Superconductivity is used every day in NMR machines for example.

Quantum chromodynamics is not far away, it is how nucleons work (the stuff that makes up the atomic nucleus).

Einstein actually proved that energy alone is not conserved, only energy-mass combined.
...NMR spectrometers are relatively expensive; universities usually have them, but they are less common in private companies. Between 2000 and 2015, an NMR spectrometer cost around 500,000 - 5 million USD...feasibility...

...One qualitative prediction of QCD is that there exist composite particles made solely of gluons called glueballs that have not yet been definitively observed experimentally. A definitive observation of a glueball with the properties predicted by QCD would strongly confirm the theory. In principle, if glueballs could be definitively ruled out, this would be a serious experimental blow to QCD. But, as of 2013, scientists are unable to confirm or deny the existence of glueballs definitively, despite the fact that particle accelerators have sufficient energy to generate them...
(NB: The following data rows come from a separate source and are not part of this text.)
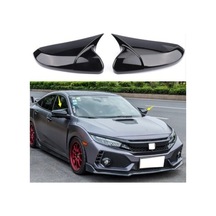 Honda Civic Fc5 Araca Özel Yarasa Ayna Kapağı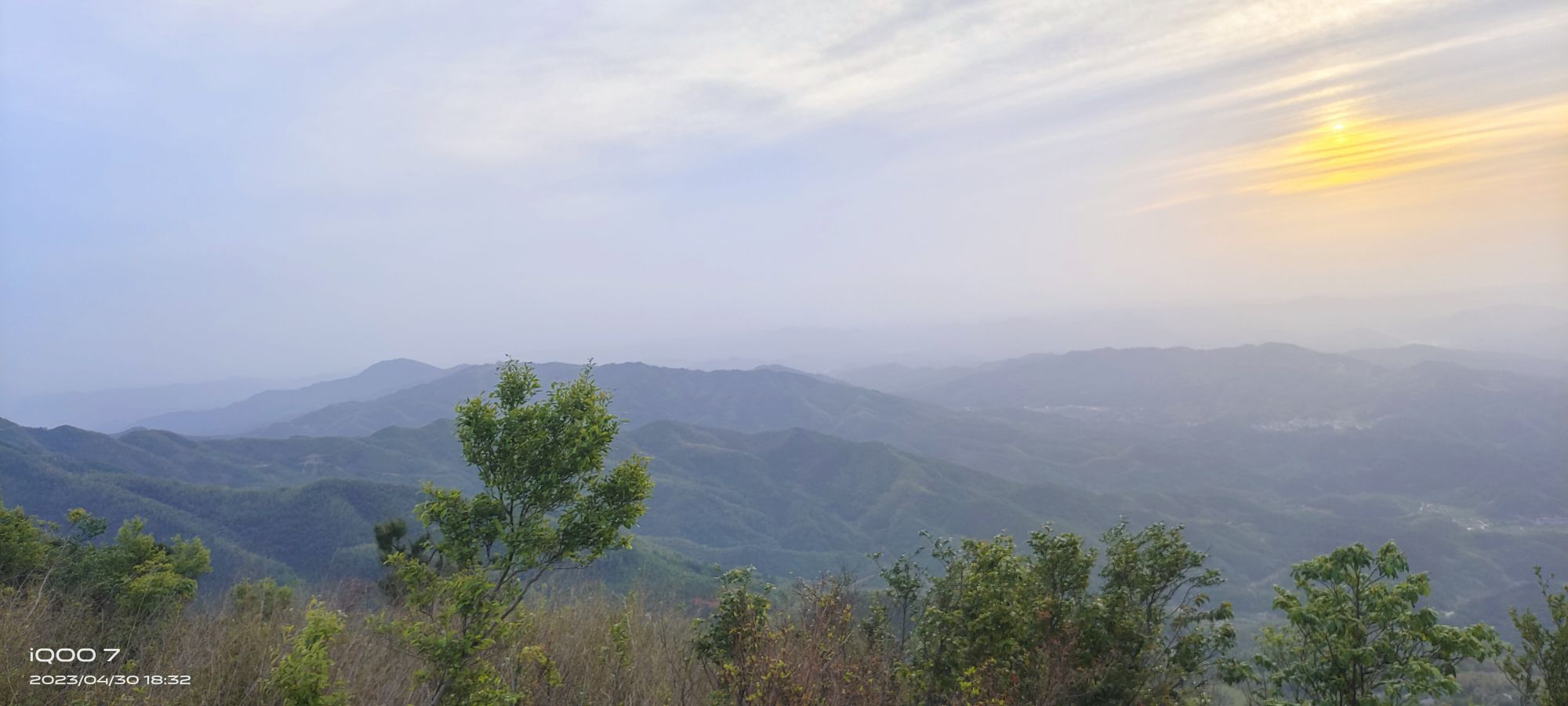耒阳第一峰旅行图片 3
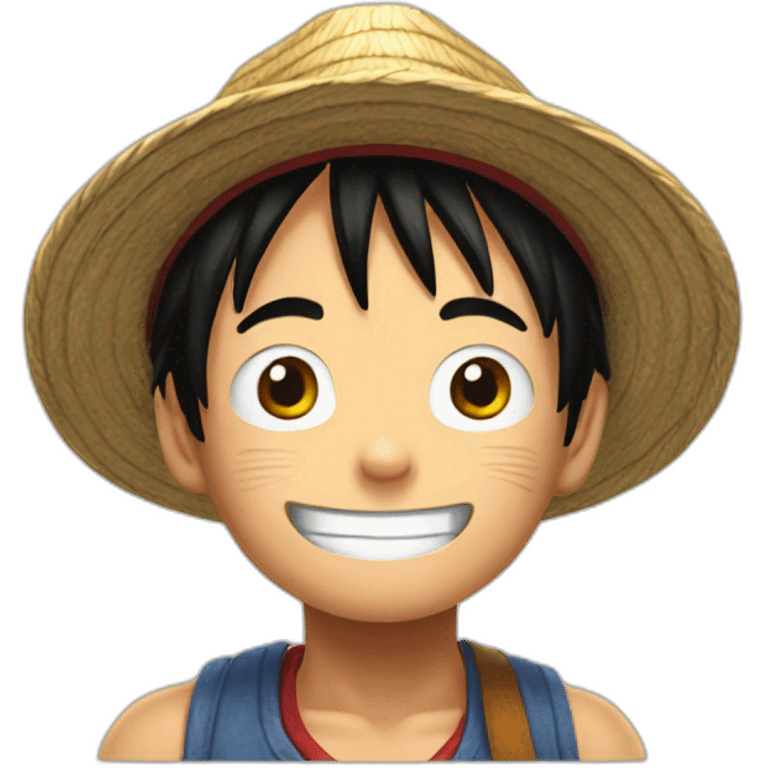 Litle-luffy emoji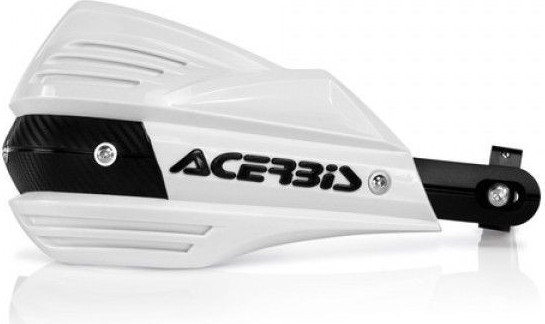 Handguard Moto X-Factor White/Black 0017557.030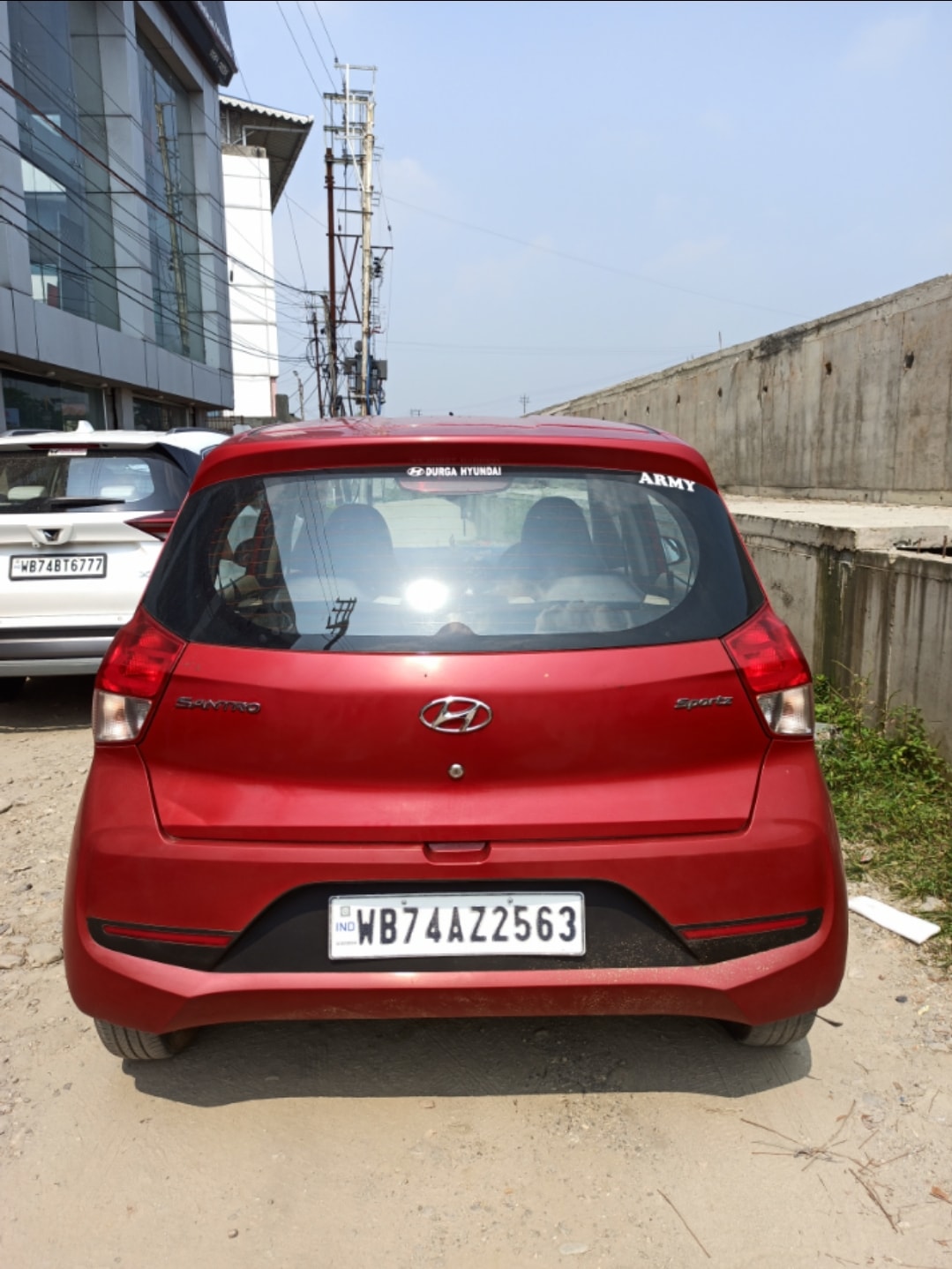 Used 2019 Hyundai New Santro Used 2019 Hyundai New Santro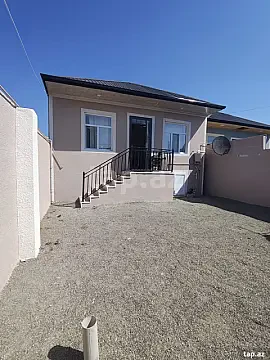 Satılır 3 otaqlı həyət evi 80 m² — Bakı, Binə 3 otaq 80.00 m²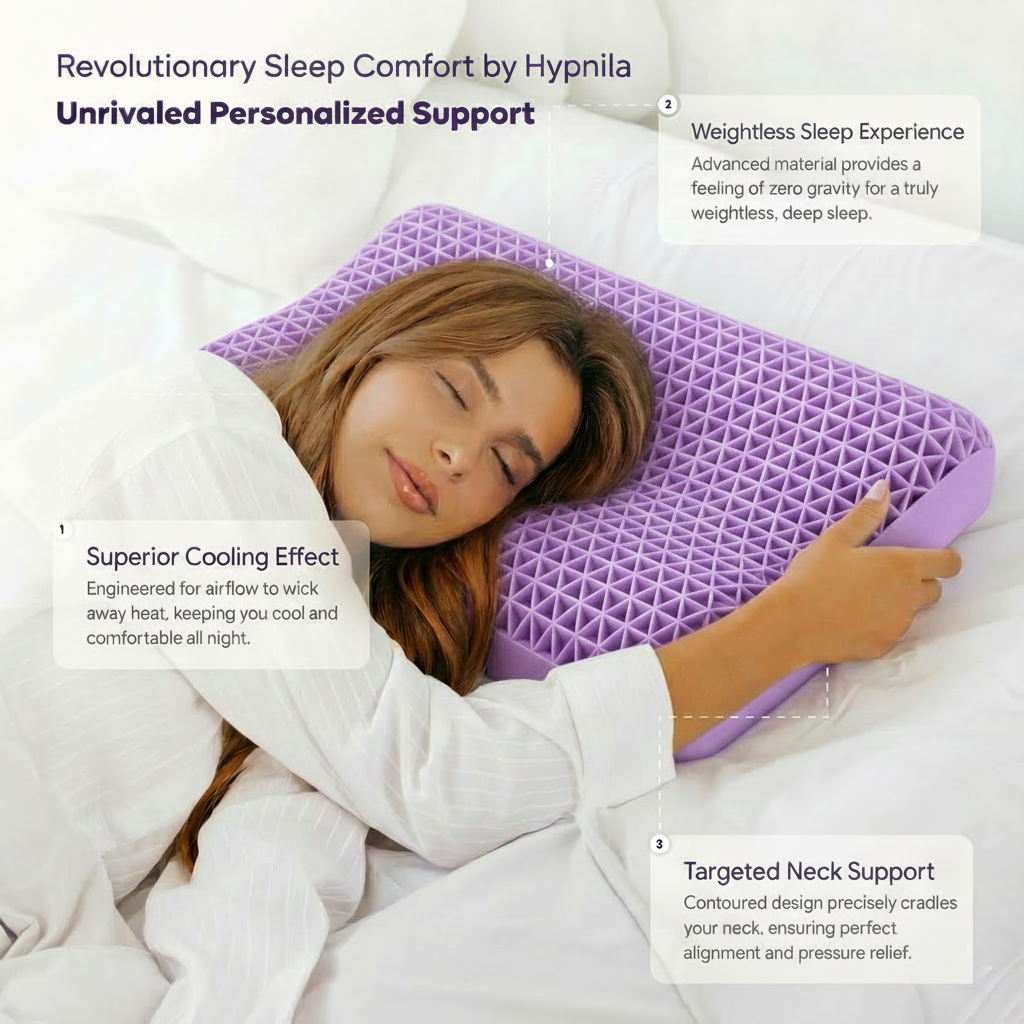 Hypnila Sleep Pillow
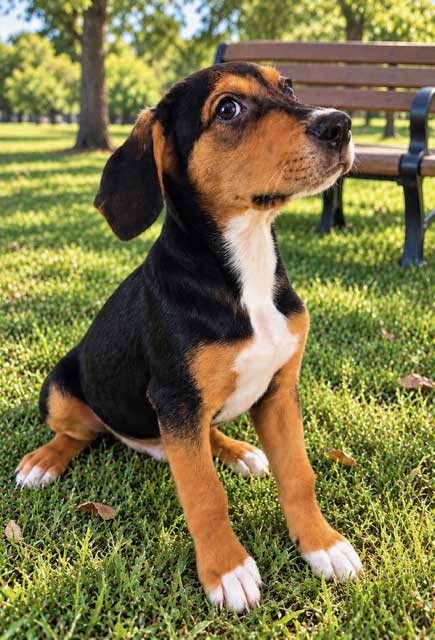 Puppy Teddie image 2
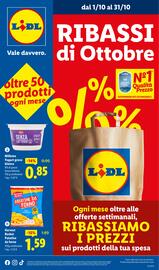 Volantino Lidl | Ribassi Pagina 1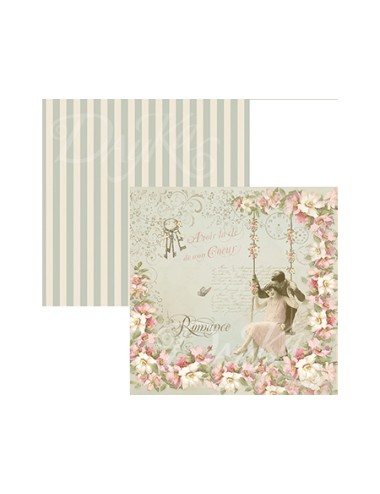 papel scrapbooking dayka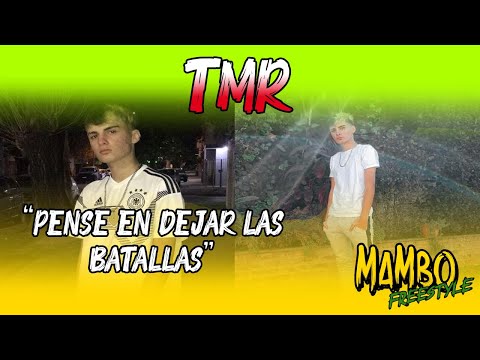 #MamboPregunta con TMR - Cap 4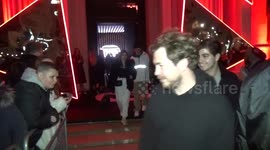 James Bourne attends Warner Music Group Brits After Party 2018
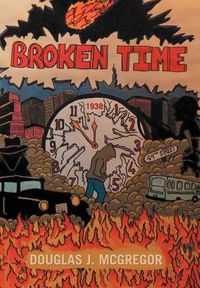 Cover image for Broken Time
...Albert Einstein believed that mass and energy can be seen as two names for the same underlying, conserved physical quantity.[53] Hence, the laws of conservation of energy and conservation of mass are "one and the same".[54] Einstein elaborated in a 1946 essay that "the principle of the conservation of mass [...] proved inadequate in the face of the special theory of relativity. It was therefore merged with the energy conservation principle—just as, about 60 years before, the principle of the conservation of mechanical energy had been combined with the principle of the conservation of heat [thermal energy]. We might say that the principle of the conservation of energy, having previously swallowed up that of the conservation of heat, now proceeded to swallow that of the conservation of mass—and holds the field alone."...then is the same conservation of energy...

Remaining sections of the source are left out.